Task goal
All lines below must be repeated exactly, with the pictures omitted.
[[ Extracted information, beginning ]]
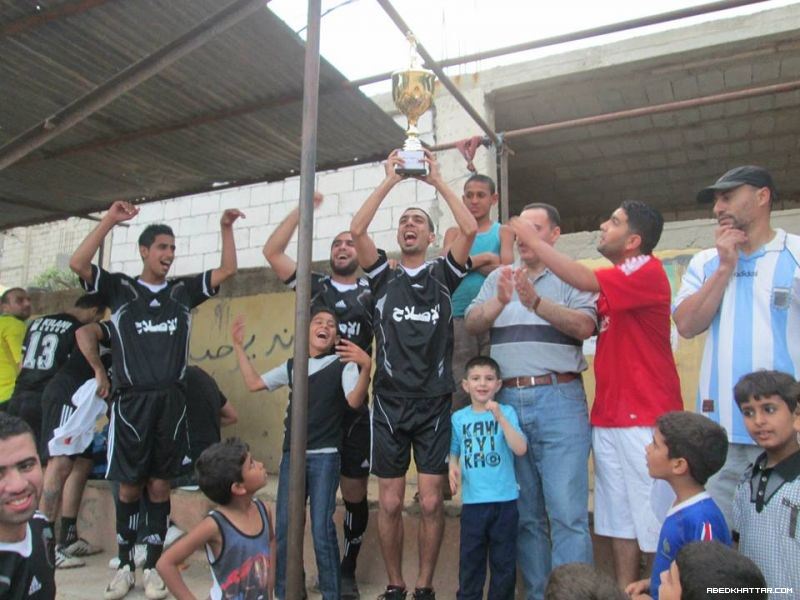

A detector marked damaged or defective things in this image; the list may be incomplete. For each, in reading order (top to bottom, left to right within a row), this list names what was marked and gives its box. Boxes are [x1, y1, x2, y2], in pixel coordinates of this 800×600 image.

rusty metal beam [0, 0, 111, 37]
rusty metal beam [0, 0, 268, 171]
rusty metal beam [376, 0, 500, 148]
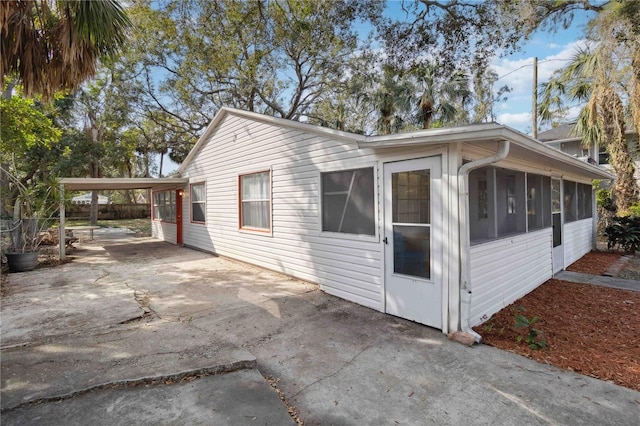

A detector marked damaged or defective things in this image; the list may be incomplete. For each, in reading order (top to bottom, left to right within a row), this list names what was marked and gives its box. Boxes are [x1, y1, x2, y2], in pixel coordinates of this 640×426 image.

cracked pavement [1, 235, 640, 424]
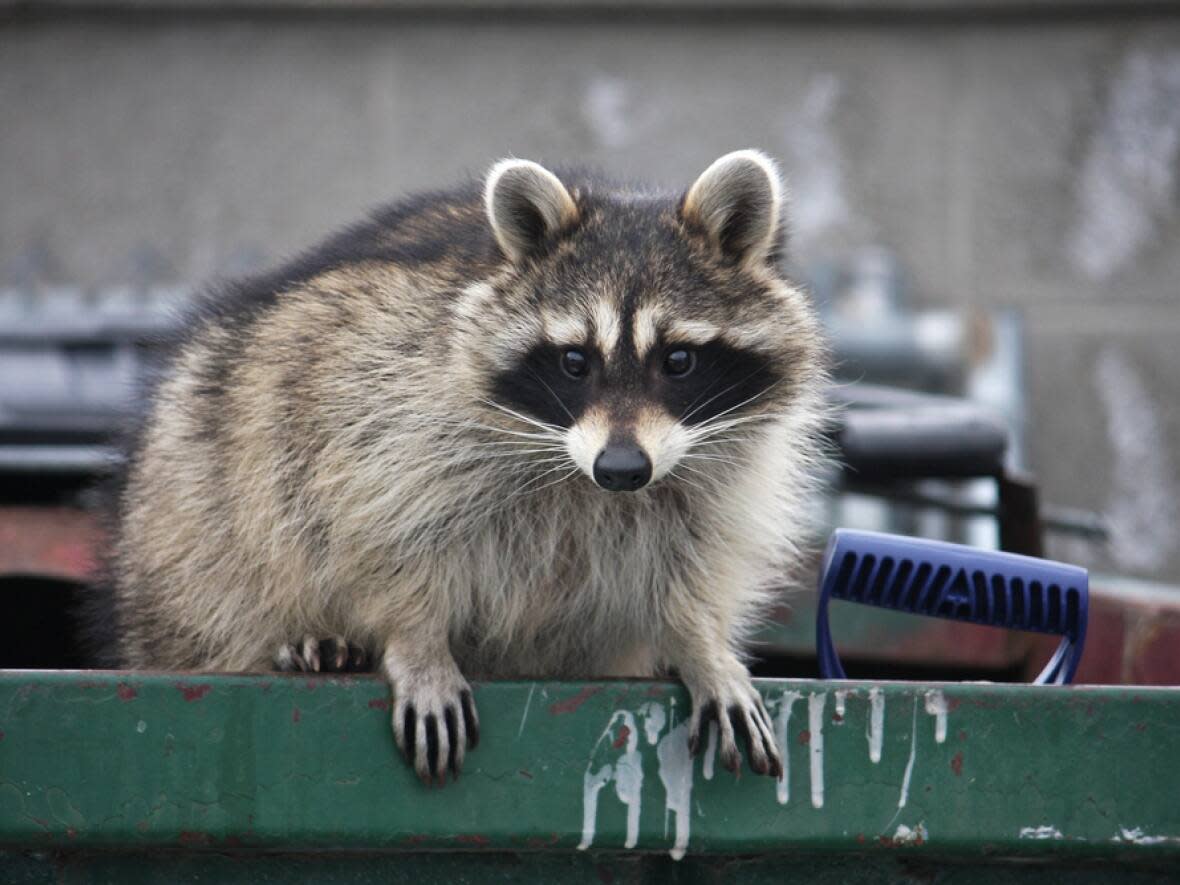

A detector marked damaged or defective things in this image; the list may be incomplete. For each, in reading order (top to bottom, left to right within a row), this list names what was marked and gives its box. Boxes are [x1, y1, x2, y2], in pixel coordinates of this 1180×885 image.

rust stain on metal [174, 684, 212, 703]
rust stain on metal [545, 689, 599, 717]
chipped green paint [0, 674, 1175, 868]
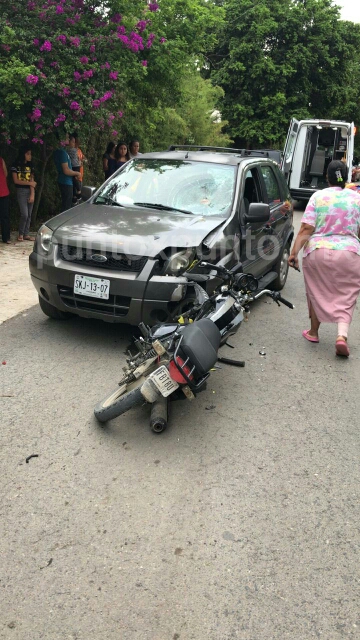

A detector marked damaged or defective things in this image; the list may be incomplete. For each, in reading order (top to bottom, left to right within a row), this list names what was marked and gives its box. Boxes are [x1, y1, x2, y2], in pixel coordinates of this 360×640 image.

cracked windshield glass [94, 158, 238, 216]
shattered windshield [94, 158, 238, 218]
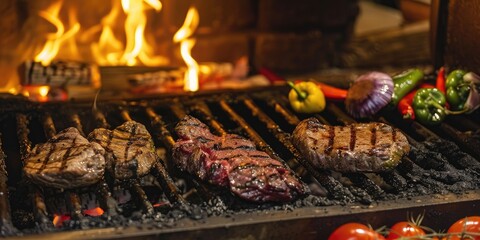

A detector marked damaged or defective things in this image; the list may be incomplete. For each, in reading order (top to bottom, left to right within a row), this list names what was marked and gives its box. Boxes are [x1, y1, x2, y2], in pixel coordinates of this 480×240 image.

burnt wood piece [20, 60, 99, 86]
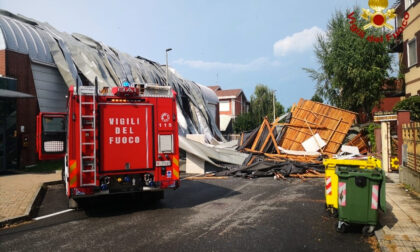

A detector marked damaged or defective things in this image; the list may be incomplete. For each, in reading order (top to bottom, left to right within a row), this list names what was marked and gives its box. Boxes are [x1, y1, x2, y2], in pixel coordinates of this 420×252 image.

damaged building [0, 9, 223, 168]
torn roofing membrane [0, 9, 225, 143]
broken wooden panel [278, 99, 358, 155]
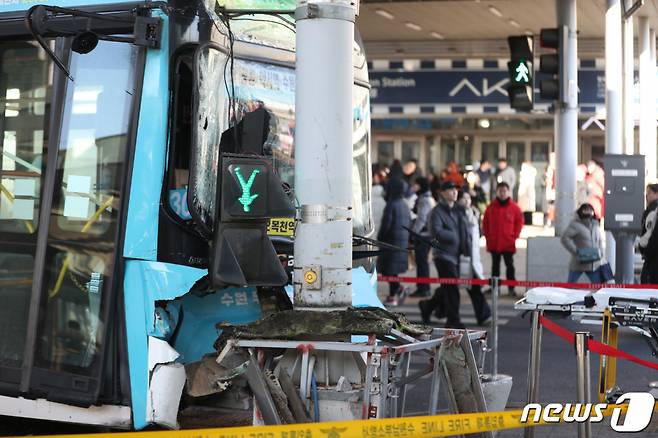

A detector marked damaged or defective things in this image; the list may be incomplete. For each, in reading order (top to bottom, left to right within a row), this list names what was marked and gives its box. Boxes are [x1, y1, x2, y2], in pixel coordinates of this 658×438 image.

damaged bus [0, 0, 376, 432]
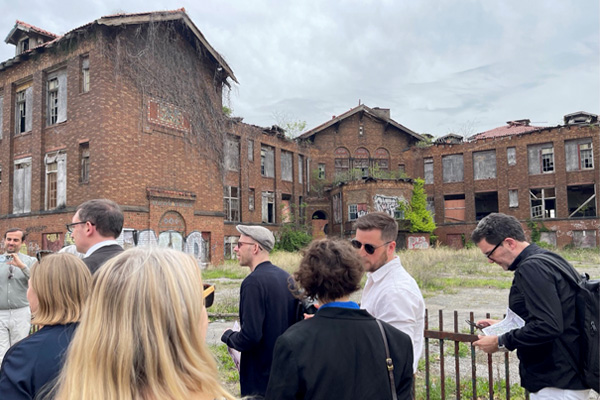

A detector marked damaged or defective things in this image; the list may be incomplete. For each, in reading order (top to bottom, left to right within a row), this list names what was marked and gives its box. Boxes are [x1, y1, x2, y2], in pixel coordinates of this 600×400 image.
[[ Extracted information, end ]]
Solution
A detector marked damaged or defective things in this image; the list may be incomplete. For each, in reading order (top to bottom, left to right within a row), this list names what was marked and gives its box. Boxes are [x1, y1, x2, y2], in pixel coordinates of this 800×600 image.

rusty metal beam [0, 0, 111, 37]
rusty metal beam [0, 0, 268, 171]
rusty metal beam [376, 0, 500, 148]

A detector marked damaged or defective things in this image; the list may be incomplete. For each, in reading order (top to bottom, left to right within a row), this list names what was marked and gives its box. Boxes are [x1, y1, x2, y2], in pixel coordinates of this 640×426 image.

cracked pavement [1, 235, 640, 424]

A detector marked damaged or defective things in this image; the list may be incomplete. For each, in reading order (top to bottom, left to right within a row), this list names what was marked and gives its box. Boxes are [x1, y1, x2, y2], in pixel coordinates of this 1180×885 image.

rust stain on metal [174, 684, 212, 703]
rust stain on metal [545, 689, 599, 717]
chipped green paint [0, 674, 1175, 868]

A detector marked damaged or defective things in this image; the list may be incomplete. For each, in reading order (top to bottom, left to right within a row), this list names what was marked and gives its box. Boxes are [x1, y1, x2, y2], in pixel coordinates of this 360×640 image.

cracked windshield glass [94, 158, 238, 216]
shattered windshield [94, 158, 238, 218]

A detector marked damaged or defective things in this image; the list may be incomplete. For each, in reading order (top to bottom, left to right within a row), this list names what was marked and gives its box. Boxes are [x1, y1, x2, y2], in pixel coordinates of this 480×240 image.

burnt wood piece [20, 60, 99, 86]

A detector marked damaged or defective things in this image; the list may be incomplete. For each, in reading order (top to bottom, left to right within a row), this list names what was marked and gives its box. Boxes are [x1, y1, x2, y2], in pixel coordinates of this 420×252 image.

damaged building [0, 9, 223, 168]
torn roofing membrane [0, 9, 225, 143]
broken wooden panel [278, 99, 358, 155]

A detector marked damaged or defective things in this image; the list may be incomplete. For each, in reading order (top to bottom, left to right within a row), this list names what was marked and gives its box. Boxes are [x1, y1, x2, y2], in pixel coordinates of this 658×438 image.

damaged bus [0, 0, 376, 432]

A detector marked damaged or defective things in this image; the list may be incomplete. For each, in reading order (top to bottom, left to right within a row), this list names what was marked and gives its box. Boxes are [x1, y1, x2, y2], in pixel coordinates of this 600×400 image.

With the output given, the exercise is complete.